# Bonito Anywhere???



## KingFishin613 (Apr 9, 2012)

Has there been any bonito around the last week or so heading out tommorow and if there is at least bonito out ill be happy.


----------



## Gaff (Jan 20, 2012)

Was some this AM at Navarre pier. Landed 2 Reds today, not keepers though (bulls). Had a blast though. There were 2 Mahi Mahi that were landed too.


----------



## KingFishin613 (Apr 9, 2012)

the bonito acutally showed up every now and then at Pensacola Pier on sunday, they were all decent sized and i had a blast catching them on a 7foot rod with 8lb test on. They really tear up them bass assasin things people were throwing at them.

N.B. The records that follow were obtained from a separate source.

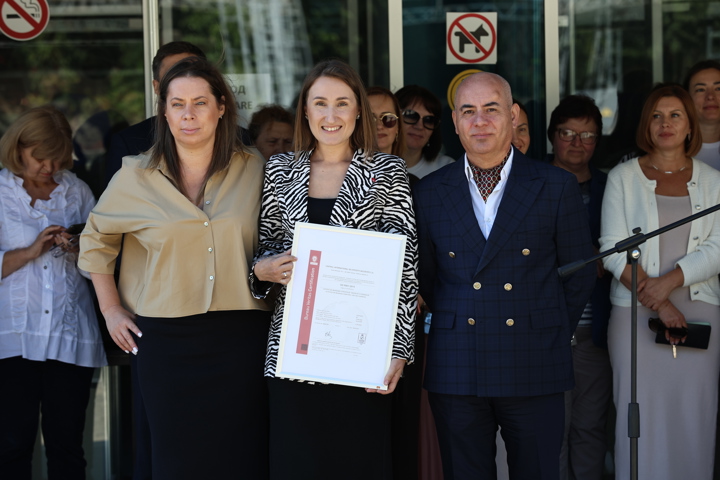 Fotografie eveniment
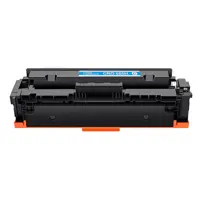Compatible Canon 055H Cyan Toner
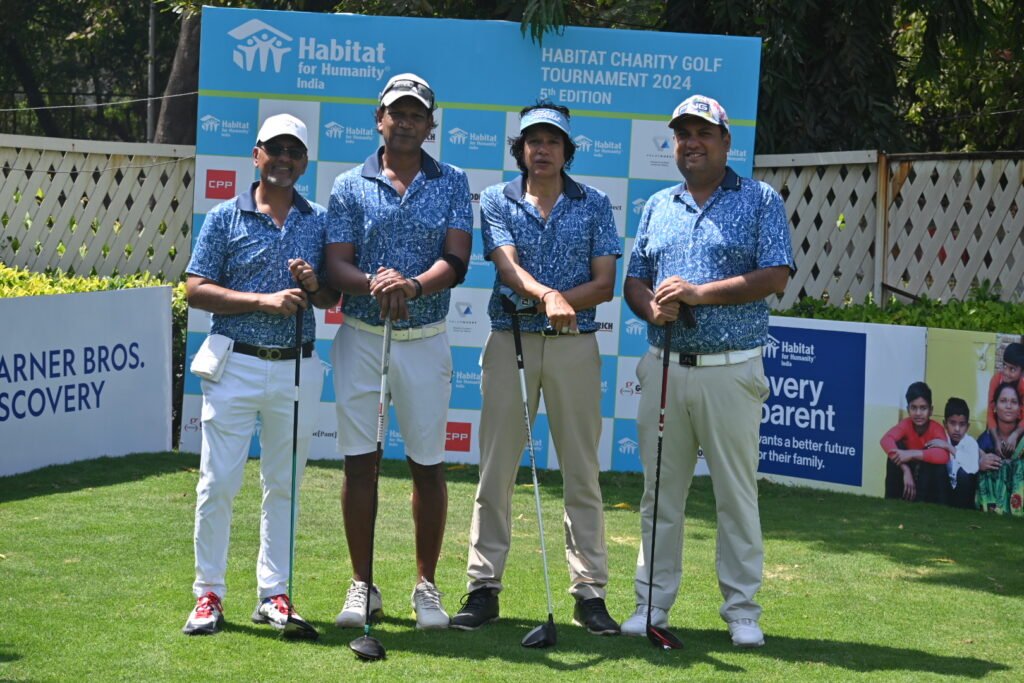 Habitat Golf
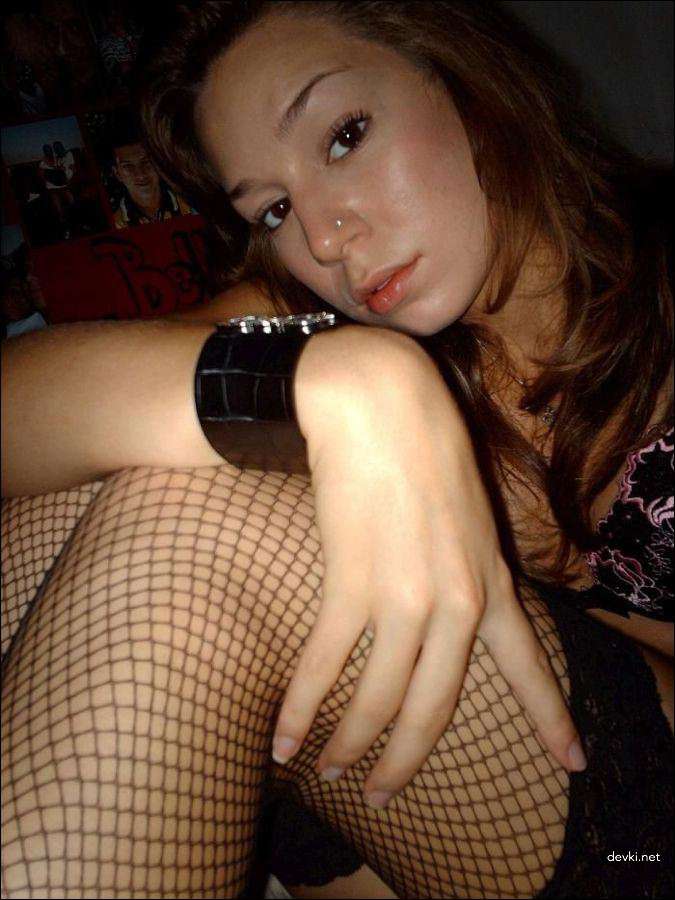 Three Naked Girls Explicit Amateur Porn Photos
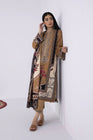 Sapphire Embroidered Khaddar 3 Piece Suit SAP105 - Designer dhaage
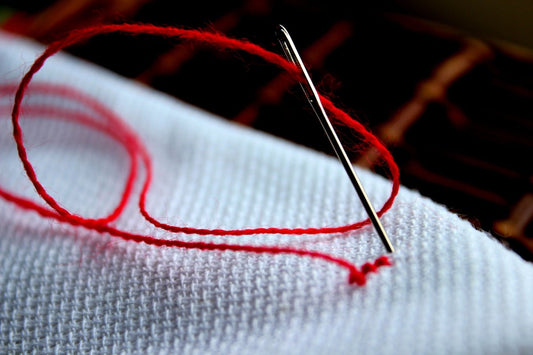 Get Started: Punch Needle Embroidery Essentials - miicreative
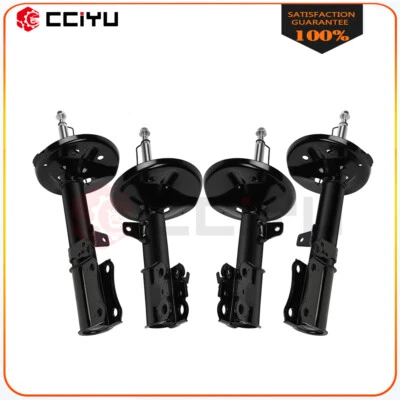 Front Rear Shocks Struts For 1997-2003 Toyota Avalon Camry Lexus ES300 - Image 1 of 4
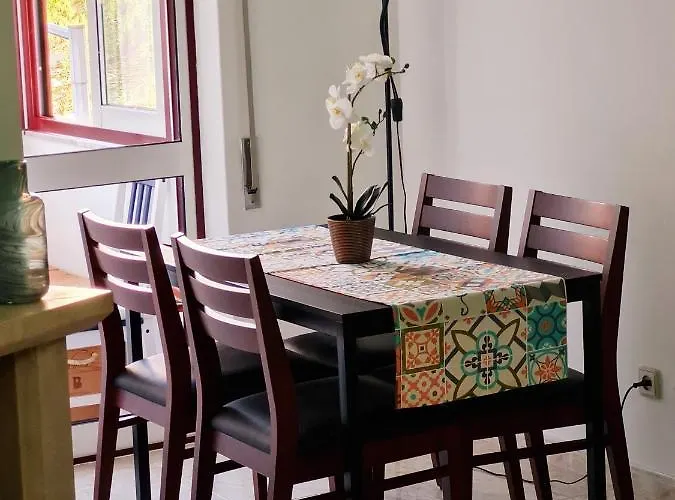 Maligueira Apartment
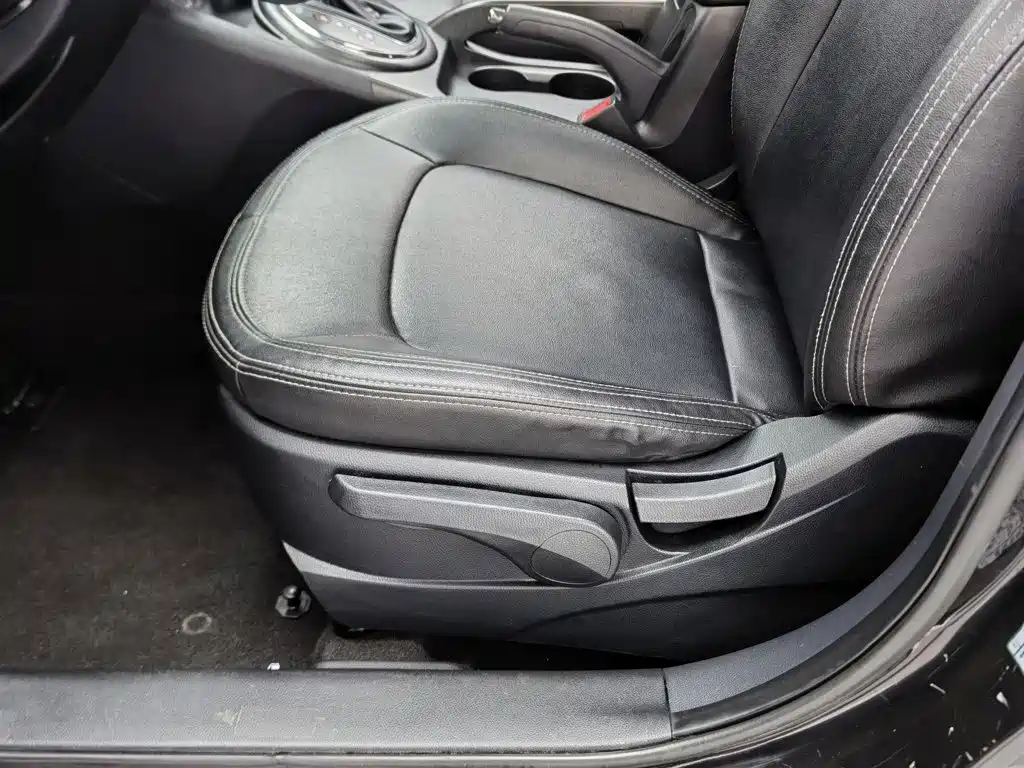 Kia Sportage 2013 — фото 20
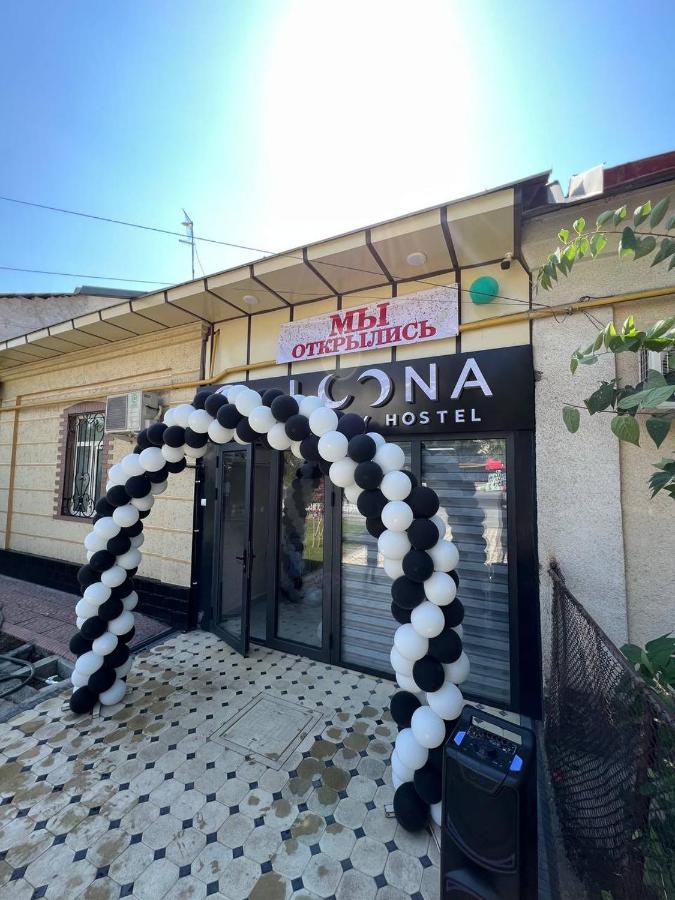 Loona Family Hostel Tashkent Exterior photo
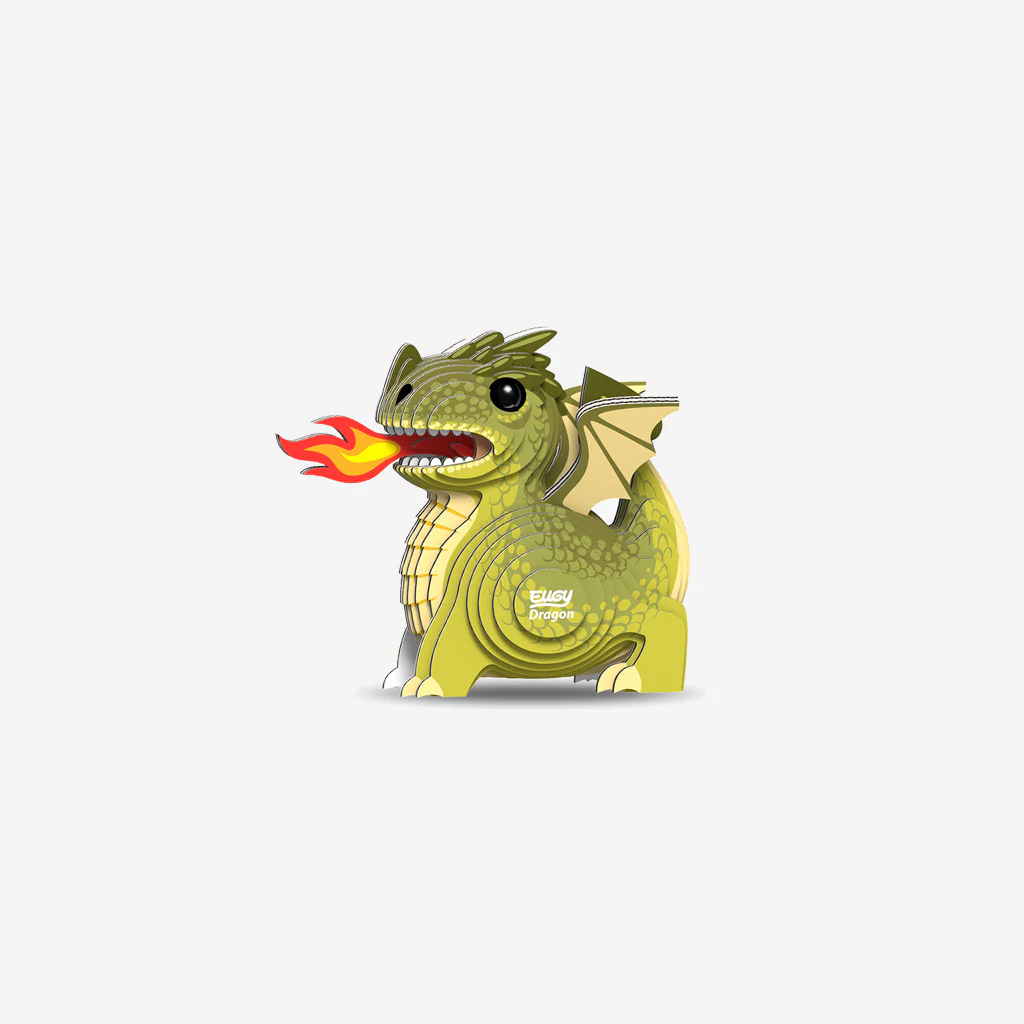 Eugy Dragon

Anyone know where i can buy some at?


----------



## Kenton (Nov 16, 2007)

Last weekend we caught them in the Pensacola Pass.


----------



## KingFishin613 (Apr 9, 2012)

what were they hitting in the pass, those bass assassin jigs, or cigar minnows? i love fighting bonito and hope to catch some my next trip as well as some kings.


----------



## Kenton (Nov 16, 2007)

Wirelessly posted (Matt)

We were trolling the silver yo zuris with a small lip. 3-4\" long I think. Normally I go to Walmart and buy those little tsunami jigs and throw them with a 50# leader. The leader is in case some Spanish are mixed in. They eat the jigs up. If you want I will throw a photo up of both the lures I use.


----------



## KingFishin613 (Apr 9, 2012)

ya i was using a yozuri last time i went it was the only thing i acutally brought up a bonito with but i was using some white worm thing that had a moving tail and it worked really well just reeled in and they went crazy for it throw me a pic of those jigs u were using so i can see what they look like and if i have any i culd use. i would appreciate that greatly:thumbup::thumbup:


----------



## Kenton (Nov 16, 2007)

Here is a pic. All the same lure. One has just been super used and I replaced the swivel and hook.


----------



## KingFishin613 (Apr 9, 2012)

where do you usually fish at?


----------



## Kenton (Nov 16, 2007)

Wirelessly posted (Matt)

On a boat in the gulf. But sometimes we will surf fish or troll in the pass. Those lures work in all those places. Spanish and blues will hit them too.


----------



## KingFishin613 (Apr 9, 2012)

aight and where can you buy them? any bait and tackle shop or outcast?


----------



## Kenton (Nov 16, 2007)

Wirelessly posted (Matt)

Wally World


----------



## KingFishin613 (Apr 9, 2012)

aite thanks for your help i appreciate it


----------



## stumblefish (Jul 9, 2011)

I caught this last month on PB pier i belive it is a bonita (false albacore) not what you were asking about but I just felt like chimming in lol shoe size 13


----------



## KingFishin613 (Apr 9, 2012)

that is a bonito and a nice one too, idk why but the bonito ive seen lately have green color on their backs but that one is blue is that because its been sundryed? Also what did you use to catch it? a jig or bait?


----------



## stumblefish (Jul 9, 2011)

I thought it was an false albacore but who knows I get them confused. It is not the best picture. I was throwing a casting jig out and reeling it in an wham he made a nice little run or two gave my drag a little work out.


----------



## KingFishin613 (Apr 9, 2012)

acutally idk tbh now that i see a picture of a false albacore, if you caught it off the pcola pier i think its a bonito cause i nvr seen a false albacore caught off pcola


----------



## weedline (Aug 20, 2011)

u guys have it all wrong what we all call bonito are the little tunny or false albacore what we call northerns is the true atlantic bonito do some research u will see


----------



## stumblefish (Jul 9, 2011)

Well they call things different name everywhere in NC that would be a bonitA or false albacore great fight bad flavor a bonitO with stripes down the body is better eating fish good fighter too. I'll call it what ever you want When I'm down there lol it is all good.


----------



## weedline (Aug 20, 2011)

yes thats true that is the fish we call a northern mackerel and are a true bonito what we call bonito is the false albacore or little tunny same fish like a cobia and ling and u are right they taste way better than the tunny


----------



## KingFishin613 (Apr 9, 2012)

ya ur right different places call fish different things so i guess that is a bonito/false albacore


----------



## SaltJunkie0226 (Jun 26, 2011)

lol


----------